**Supplied entries:**
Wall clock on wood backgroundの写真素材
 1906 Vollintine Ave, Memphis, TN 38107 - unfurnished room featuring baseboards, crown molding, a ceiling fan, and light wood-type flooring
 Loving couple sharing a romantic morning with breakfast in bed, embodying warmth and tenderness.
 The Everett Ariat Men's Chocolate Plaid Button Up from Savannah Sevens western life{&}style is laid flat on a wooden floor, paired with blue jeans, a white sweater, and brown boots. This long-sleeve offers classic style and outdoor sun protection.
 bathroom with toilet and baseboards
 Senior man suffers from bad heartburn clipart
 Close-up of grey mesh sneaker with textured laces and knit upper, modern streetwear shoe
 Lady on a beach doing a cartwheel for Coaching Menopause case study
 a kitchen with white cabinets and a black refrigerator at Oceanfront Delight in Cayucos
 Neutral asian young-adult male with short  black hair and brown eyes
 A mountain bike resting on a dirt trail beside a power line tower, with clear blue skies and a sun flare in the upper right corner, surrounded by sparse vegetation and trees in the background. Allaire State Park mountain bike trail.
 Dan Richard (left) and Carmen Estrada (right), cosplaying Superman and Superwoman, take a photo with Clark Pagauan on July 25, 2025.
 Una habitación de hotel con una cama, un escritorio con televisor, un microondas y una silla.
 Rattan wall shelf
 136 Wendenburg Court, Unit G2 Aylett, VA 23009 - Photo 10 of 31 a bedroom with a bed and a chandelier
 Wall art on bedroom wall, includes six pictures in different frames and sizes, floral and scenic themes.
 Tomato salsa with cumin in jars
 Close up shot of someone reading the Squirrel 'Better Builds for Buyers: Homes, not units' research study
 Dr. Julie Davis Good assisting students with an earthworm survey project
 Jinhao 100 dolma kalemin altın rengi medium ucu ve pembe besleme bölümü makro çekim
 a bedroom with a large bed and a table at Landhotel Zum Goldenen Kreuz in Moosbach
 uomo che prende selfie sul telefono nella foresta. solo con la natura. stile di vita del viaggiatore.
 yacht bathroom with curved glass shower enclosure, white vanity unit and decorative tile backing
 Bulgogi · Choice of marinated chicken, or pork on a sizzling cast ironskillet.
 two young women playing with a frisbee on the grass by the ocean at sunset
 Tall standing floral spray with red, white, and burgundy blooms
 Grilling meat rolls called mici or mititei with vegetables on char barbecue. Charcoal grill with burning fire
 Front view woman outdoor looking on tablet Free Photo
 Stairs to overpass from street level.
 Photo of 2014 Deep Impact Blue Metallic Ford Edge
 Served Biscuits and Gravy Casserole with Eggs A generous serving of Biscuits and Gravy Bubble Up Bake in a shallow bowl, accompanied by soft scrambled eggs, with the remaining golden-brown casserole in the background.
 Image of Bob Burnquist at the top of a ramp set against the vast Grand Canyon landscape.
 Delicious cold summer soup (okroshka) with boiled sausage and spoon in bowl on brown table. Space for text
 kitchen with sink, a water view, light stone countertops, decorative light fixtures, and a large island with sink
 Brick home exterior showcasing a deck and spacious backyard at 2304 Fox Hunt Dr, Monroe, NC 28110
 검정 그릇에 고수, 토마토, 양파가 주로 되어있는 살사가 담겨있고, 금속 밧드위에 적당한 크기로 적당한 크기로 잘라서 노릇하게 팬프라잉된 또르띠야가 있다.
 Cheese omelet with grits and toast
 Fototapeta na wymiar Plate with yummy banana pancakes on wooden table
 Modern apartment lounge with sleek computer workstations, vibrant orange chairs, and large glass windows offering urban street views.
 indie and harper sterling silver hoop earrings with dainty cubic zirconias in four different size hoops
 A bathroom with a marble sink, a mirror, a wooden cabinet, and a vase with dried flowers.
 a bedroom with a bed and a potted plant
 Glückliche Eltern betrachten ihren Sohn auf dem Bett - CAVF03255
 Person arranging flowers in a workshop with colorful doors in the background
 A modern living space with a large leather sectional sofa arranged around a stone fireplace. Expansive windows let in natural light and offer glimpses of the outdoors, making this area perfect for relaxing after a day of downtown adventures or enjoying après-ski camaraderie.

**Exercise description:** In the records above, how many lines include "right"? Answer with the number alone.

**Result of this task:** 2